Worry also prevents us from getting anything else done. Worry throws us into such a tizzy that we completely forget about everything else. Or, even worse, we keep on with other responsibilities but we are only able to give them a bit of our attention. How well do you think that works? Worry makes us testy, edgy, short tempered. We ignore those around us. Snap at people who only have our greater good in mind. Lose our temper at those who love us the most.

WOW! Worry really stinks! How can we possibly be kind to anyone when we worry all the time? Of course, when you think about it, worry is part of the human condition. Worry is caused in part by us not having a close relationship with Jesus. Adam and Eve didn’t worry. God took care of everything for them. Then, they went and blew it! After that, nothing but worries.

Jesus told us not to worry. He pointed out the way our Father takes care of little birds, providing them food and a place to sleep. Jesus reminded us that we are just as important, no, even MORE important to His Father than the birds. If the Father does so much for birds, why would He do any less for us?

Worry may be part of the human condition but so is prayer. Next time worry tries to take over your life, just remember: Jesus is ready and waiting to take that burden from you!  Let Him!

Discussion Questions

1. What worries do you have right now?

2. How do you handle your worries?

3. How do your worries affect your family?

4. How do your children handle their worries?

5. What can all of you do to reduce your worries?

6. How can you strengthen your prayer life?

Lenten Devotion Day 31

What About Me?!

The Prodigal Son

Sibling rivalry is nothing new. The very first set of siblings, Cain and Abel had a problem with sibling rivalry. Well, at least one of them did. And the basis of their problem was jealousy. Kids tend to be competitive when it comes to getting the attention of their parents, whether its Heavenly or earthly.

With Cain and Abel, one brother thought God was showing favoritism to the other. The same is true in the story of the Prodigal Son. The father in the story of the prodigal son had 2 sons and a lot of property.

A few years earlier, the younger son decides he wants to set out on his own, to make his way in the world. He asks his father for his inheritance in advance and, once he receives it, sets out to make something of himself. Things don’t go well. When the young son sinks as low as he can, he finally decides to go home.

Back home, his father never lost hope. Every day, he watched down the road, praying for his younger son to return safely home. Then one day, his prayer was answered. The father was so grateful, he called his servants to prepare the fatted calf to celebrate his homecoming. Now, a parent can understand the excitement and happiness of the father. However, kids (and even adults) feel bad for the older son. He worked all those years as the good and faithful son and what does he get for it? Not the fatted calf! Hard to teach this to kids but let’s try.

First, the story was told by Jesus to tell all those who had wandered away from their Father that He is watching at the gate for them, hoping one day He sees his lost child coming down the road. And when He finally sees His lost child coming, oh the excitement! God the Father wants ALL His wandering children to come home to Him.

What about the good son, the child that is always with the Father?

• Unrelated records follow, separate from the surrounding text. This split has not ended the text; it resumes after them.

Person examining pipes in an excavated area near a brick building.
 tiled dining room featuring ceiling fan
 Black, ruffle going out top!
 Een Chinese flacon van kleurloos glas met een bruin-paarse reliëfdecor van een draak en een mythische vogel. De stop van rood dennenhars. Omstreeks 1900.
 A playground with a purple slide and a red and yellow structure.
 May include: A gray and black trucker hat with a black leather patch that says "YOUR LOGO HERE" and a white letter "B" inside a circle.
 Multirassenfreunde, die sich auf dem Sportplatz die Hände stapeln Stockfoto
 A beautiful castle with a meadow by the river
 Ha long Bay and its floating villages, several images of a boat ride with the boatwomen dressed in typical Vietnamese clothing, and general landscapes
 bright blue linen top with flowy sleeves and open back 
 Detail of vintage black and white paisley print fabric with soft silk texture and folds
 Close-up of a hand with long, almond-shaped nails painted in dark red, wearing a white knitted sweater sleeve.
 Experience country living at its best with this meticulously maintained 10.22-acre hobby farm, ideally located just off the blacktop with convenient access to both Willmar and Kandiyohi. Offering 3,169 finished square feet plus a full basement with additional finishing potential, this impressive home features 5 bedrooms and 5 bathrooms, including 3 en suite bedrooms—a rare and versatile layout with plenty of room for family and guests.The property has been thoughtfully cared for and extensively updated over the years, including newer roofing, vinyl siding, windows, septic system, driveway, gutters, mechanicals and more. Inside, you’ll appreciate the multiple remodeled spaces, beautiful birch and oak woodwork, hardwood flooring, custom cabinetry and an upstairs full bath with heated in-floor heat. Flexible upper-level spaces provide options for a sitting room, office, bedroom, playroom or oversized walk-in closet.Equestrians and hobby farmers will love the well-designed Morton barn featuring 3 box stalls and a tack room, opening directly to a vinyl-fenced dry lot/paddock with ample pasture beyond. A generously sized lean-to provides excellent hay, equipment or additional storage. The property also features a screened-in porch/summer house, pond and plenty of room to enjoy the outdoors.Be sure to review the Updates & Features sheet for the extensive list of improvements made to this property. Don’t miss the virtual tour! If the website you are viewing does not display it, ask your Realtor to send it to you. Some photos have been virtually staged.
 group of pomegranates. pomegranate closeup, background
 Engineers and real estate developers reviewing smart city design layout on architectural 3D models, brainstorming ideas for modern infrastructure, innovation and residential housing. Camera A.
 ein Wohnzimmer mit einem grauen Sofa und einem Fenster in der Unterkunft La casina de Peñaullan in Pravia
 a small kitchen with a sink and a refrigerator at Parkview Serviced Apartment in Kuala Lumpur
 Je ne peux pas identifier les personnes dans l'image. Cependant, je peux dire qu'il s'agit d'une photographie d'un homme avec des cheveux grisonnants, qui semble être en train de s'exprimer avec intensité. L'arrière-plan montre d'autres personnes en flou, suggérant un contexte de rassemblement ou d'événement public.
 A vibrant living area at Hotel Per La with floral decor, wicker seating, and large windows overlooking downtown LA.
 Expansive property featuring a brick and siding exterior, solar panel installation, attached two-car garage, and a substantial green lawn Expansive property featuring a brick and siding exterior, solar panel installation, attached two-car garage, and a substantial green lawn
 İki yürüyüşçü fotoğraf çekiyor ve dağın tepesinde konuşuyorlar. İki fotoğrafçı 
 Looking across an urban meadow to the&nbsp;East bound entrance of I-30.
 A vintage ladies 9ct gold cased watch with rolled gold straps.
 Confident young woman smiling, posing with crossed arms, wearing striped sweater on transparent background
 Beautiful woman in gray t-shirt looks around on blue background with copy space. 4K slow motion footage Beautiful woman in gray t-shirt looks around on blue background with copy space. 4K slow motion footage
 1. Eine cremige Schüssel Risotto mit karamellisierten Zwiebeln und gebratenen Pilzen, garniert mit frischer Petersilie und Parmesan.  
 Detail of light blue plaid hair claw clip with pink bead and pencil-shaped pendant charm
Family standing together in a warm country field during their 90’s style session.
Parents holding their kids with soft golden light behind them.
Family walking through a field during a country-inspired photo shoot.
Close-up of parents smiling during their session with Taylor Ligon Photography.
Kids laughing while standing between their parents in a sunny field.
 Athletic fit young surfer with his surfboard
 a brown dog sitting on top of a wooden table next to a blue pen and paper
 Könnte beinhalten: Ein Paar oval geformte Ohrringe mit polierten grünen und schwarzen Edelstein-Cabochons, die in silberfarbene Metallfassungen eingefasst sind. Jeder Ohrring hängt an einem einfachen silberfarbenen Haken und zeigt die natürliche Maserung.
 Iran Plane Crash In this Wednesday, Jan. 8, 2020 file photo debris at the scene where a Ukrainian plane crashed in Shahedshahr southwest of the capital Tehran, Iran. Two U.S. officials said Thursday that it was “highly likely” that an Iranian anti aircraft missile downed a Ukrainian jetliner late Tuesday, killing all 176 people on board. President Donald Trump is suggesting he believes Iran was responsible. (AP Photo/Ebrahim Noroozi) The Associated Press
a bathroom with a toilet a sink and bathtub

Rather than a big celebration, that child had all the memories with his father. All the time the good son spent with his father was something the prodigal could never, ever enjoy. The younger son missed so much all that time he was gone. While the father was excited his young son returned, he had a deep affection and respect for his older son.

Children have an opportunity to develop a deep, loving relationship with their Father no matter how young they might be. If older children, or even you, have wandered away from your Father, it’s never too late to go home. Even if you have been away from your Father for many years, He’s still standing at that gate, watching for you to come back to Him!

Discussion Questions

1. Are you the older child or the younger child in God’s life?

2. If you have strayed from God, are you only a little ways away or are you far, far away?

3. If you have strayed, whether a bit or a lot, what can you do to return home?

4. How can you help your children remain close to God?

5. How can you use this story to help your children in their lives?

Lenten Devotion Day 30

Creative Solutions

Paralytic Healed

I used to live about 5.5 blocks away from my church. I wanted a church that was very close to my house when I was seeking a new home for worship. The fact the church is a member of the denomination in which I grew up was an added bonus. I wanted a church that allowed me to walk a short distance when I wanted to take part in any events. I didn’t want distance or transportation to be an excuse for not taking part in church activities.

Meetings, Bible studies, classes, funerals, flowers and more, all I had to do was put on my shoes (and a few other clothing items) and walk or ride my bike straight down the street. Oh, yes, my church was not just 5.5 blocks away, it was 5.5 blocks straight down the street. Nice, huh?

Things aren’t always so easy for other people wanting to worship. In some countries, worshippers must come together in secret. In some places, they must travel for miles to worship. No matter the obstacle, people overcome whatever is necessary to gather with other Christians to do what many of us take for granted.

The men in today’s story did whatever they needed to do to get their friend, their paralyzed friend, to Jesus. They believed with all their hearts that Jesus could (and would) heal their friend if only they could find a way to get the friend into the building and into the presence of Jesus.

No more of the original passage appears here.